Given data:
=== Section Start ===
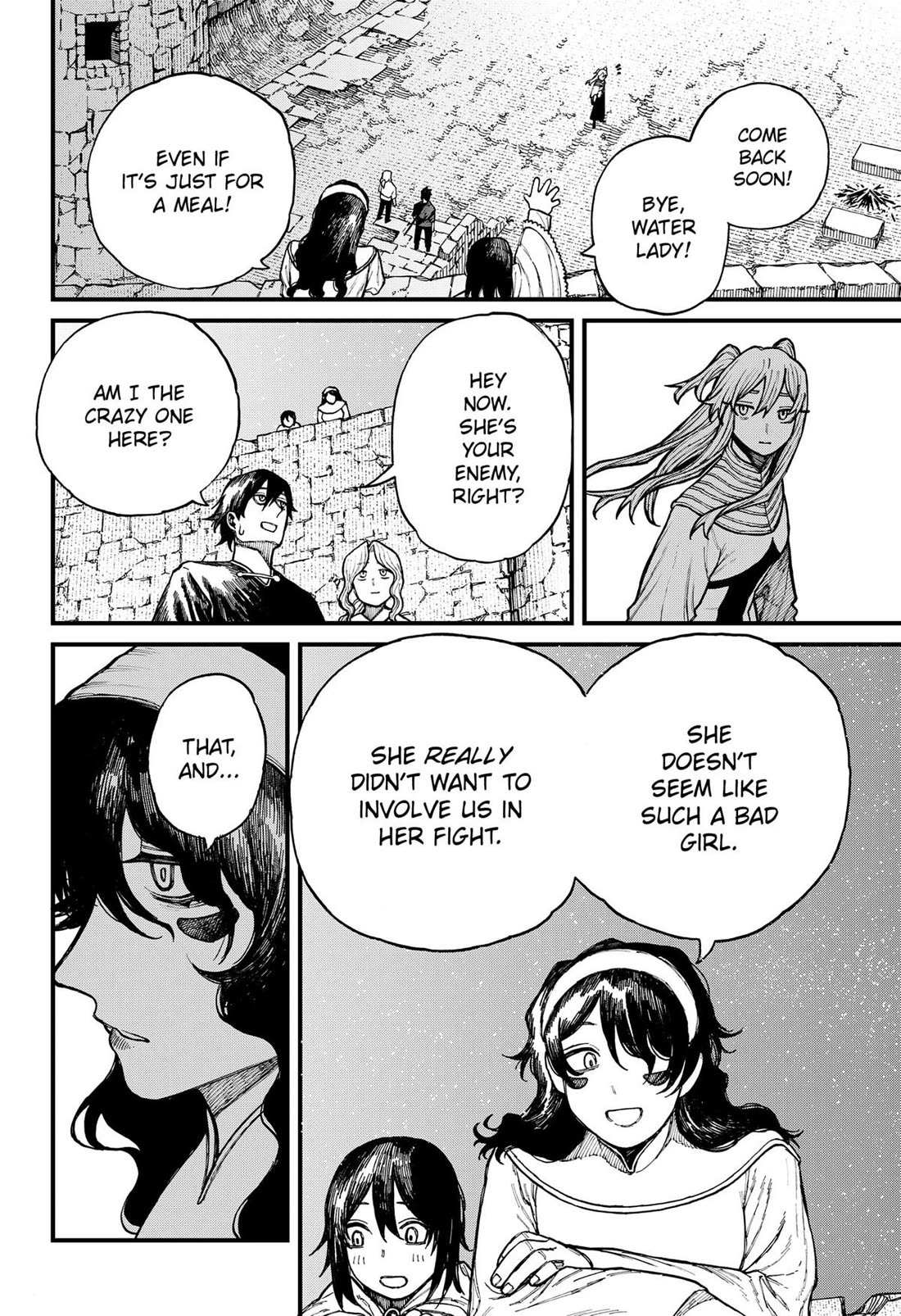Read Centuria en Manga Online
=== Section End ===
=== Section Start ===
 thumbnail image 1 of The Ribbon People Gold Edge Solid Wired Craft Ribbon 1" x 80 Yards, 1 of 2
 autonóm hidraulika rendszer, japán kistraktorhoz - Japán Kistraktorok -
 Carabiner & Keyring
=== Section End ===
Task objective:
The range runs from the line with "autonóm hidraulika rendszer, japán" up to and including the line with "Carabiner & Keyring" in the listing above; please write out exactly those lines and nothing more.

Answer box:
 autonóm hidraulika rendszer, japán kistraktorhoz - Japán Kistraktorok -
 Carabiner & Keyring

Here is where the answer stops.